Однако на самом деле в его постановке все сложней. Из нее властно выступают совсем другие смыслы.

На самом деле смерть там трагична без всяких поправок. И мы смотрим на нее отнюдь не чистыми глазами ребенка, который неуверенными шагами входит в спектакль из зрительного зала. Наоборот, мы со сжимающимся сердцем видим ребенка, вошедшего в смерть и не понимающего, куда он вошел.

Спектакль начинается в полной тишине. Зеркало сцены перекрыто неопрятной белесой стеной из промышленного рифленого пластика.

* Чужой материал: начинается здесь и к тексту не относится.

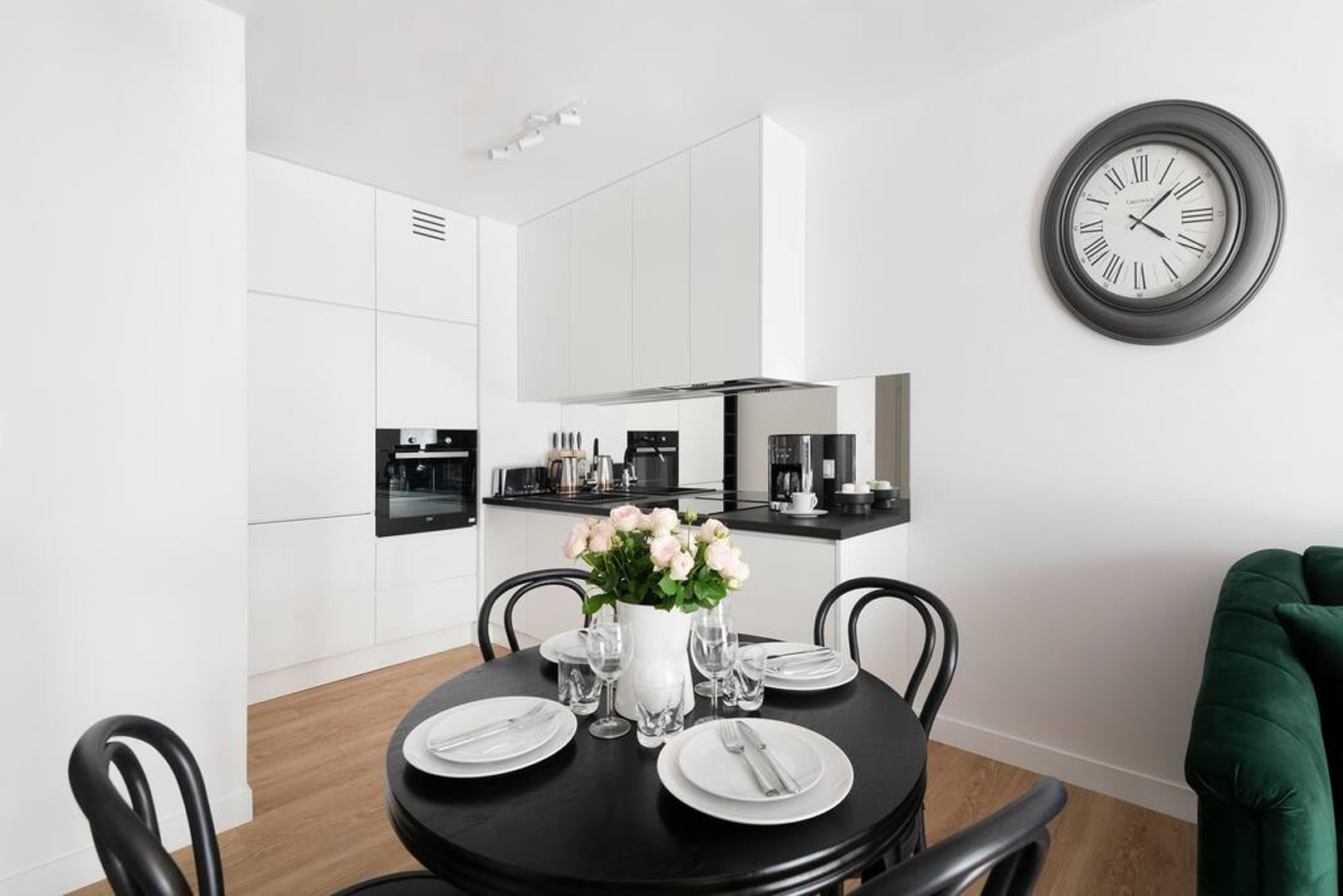 Easy Rent Apartments - 7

В глубине зрительного зала появляется девочка лет шести в светлом платье и черных ботиночках. Она идет по проходу, доходит до барьера оркестровой ямы и по перекинутым через нее режиссерским мосткам поднимается на сцену. За ней следуют два ангела с белыми театральными крыльями. У стены один из них протягивает девочке красный мяч, а другой стучится в глухую дверь. Огромная стена тут же легко ползет вверх; за ней — главный занавес Мариинского театра, он тоже начинает подниматься, обнажая третий слой — шелковый внутренний занавес; это — тайны театра, так бывает только на репетициях. Внутренний занавес приоткрывается по центру, оттуда выходят еще два ангела и с приветливыми улыбками приглашают девочку войти, тогда как два первых разводят полы занавеса в стороны. Звучат начальные такты Реквиема. Значит, девочка умерла — вот оно как. И ангелы бережно и нежно вводят ее во взрослый мир смерти.

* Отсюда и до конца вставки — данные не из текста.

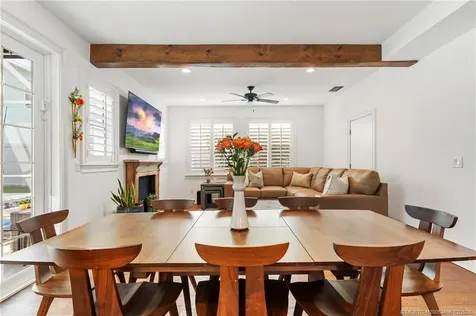 516 SW Camden Avenue Stuart FL 34994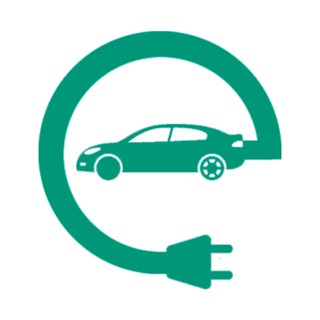 Ev-Car Продажа Электромобилей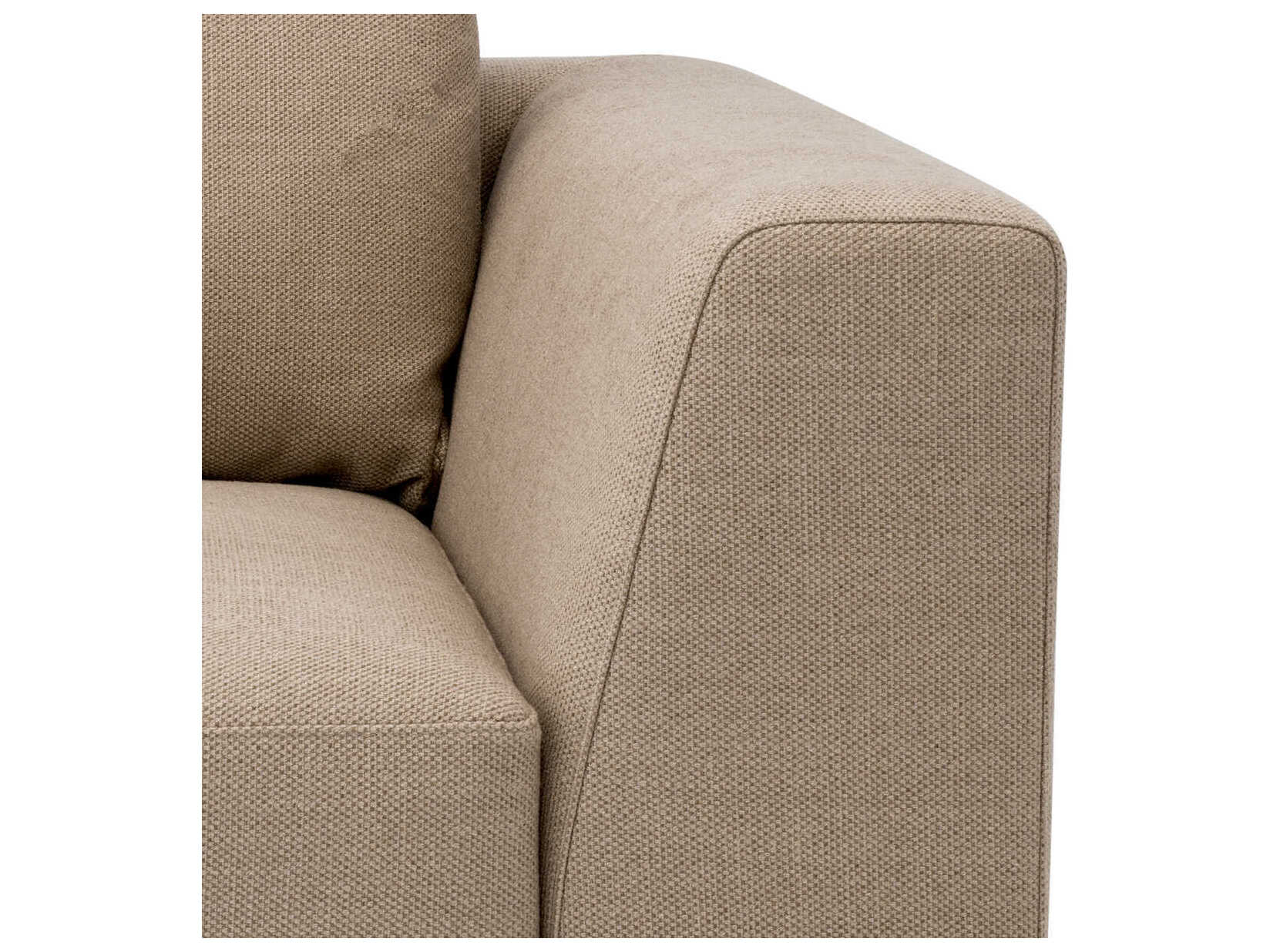 Eichholtz Endless Beige Accent Chair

Сцена из спектакля. Фото Н. Разиной

Сцена из спектакля.
Фото Н. Разиной

Сцена обнажена до самой дальней кирпичной стены. В глубине чудесный гигантский шар, прозрачный, похожий на мыльный пузырь; рядом с ним в воздухе переливается волшебный свет (художник по свету — сам Паска). Шар оказывается силиконовым, он слегка подрагивает и подпрыгивает, когда девочка его касается. В этой глубине она играет с ангелами в мяч, а ближе к рампе, на невысокой солее плотной стеной стоит хор — как в монастырском храме, женщины с одной стороны, мужчины — с другой. Однако это не храм. Эта мизансцена, слегка колеблемая не слишком масштабным движением, сохранится на протяжении всего спектакля. Для Финци Паски, у которого всегда все дышит и летает, это вещь неожиданная. Концертный хор? Нет, не совсем: похоже, здесь есть если не роли, то яркие типажи. Костюмы у всех подчеркнуто разные, это бытовые, очень конкретные костюмы, выдержанные в серо-черных тонах. Эпоха обозначена отчетливо: первая половина XX века, с небольшим разбросом во времени. Здесь есть несколько человек в цилиндрах и дама в длинном платье, но большая часть принадлежит 1920-1940 годам. Школьница или гимназистка в форменном переднике. Православный иеромонах с крестом и в клобуке и католический священник в колоратке. Дворник в переднике и картузе. Кажется, матрос. Некто в длинной серой шинели. Они стоят неподвижно, в руках их длинные свечи, но самое главное — у них на глазах повязки, и эти повязки — ярко-алые. Как кровь. Этот хор почти неподвижен — скован и напряжен. Лишь иногда они все вместе делают несколько неуверенных шагов вперед или назад или поворачиваются, и тогда видны свисающие концы повязок: красного становится больше.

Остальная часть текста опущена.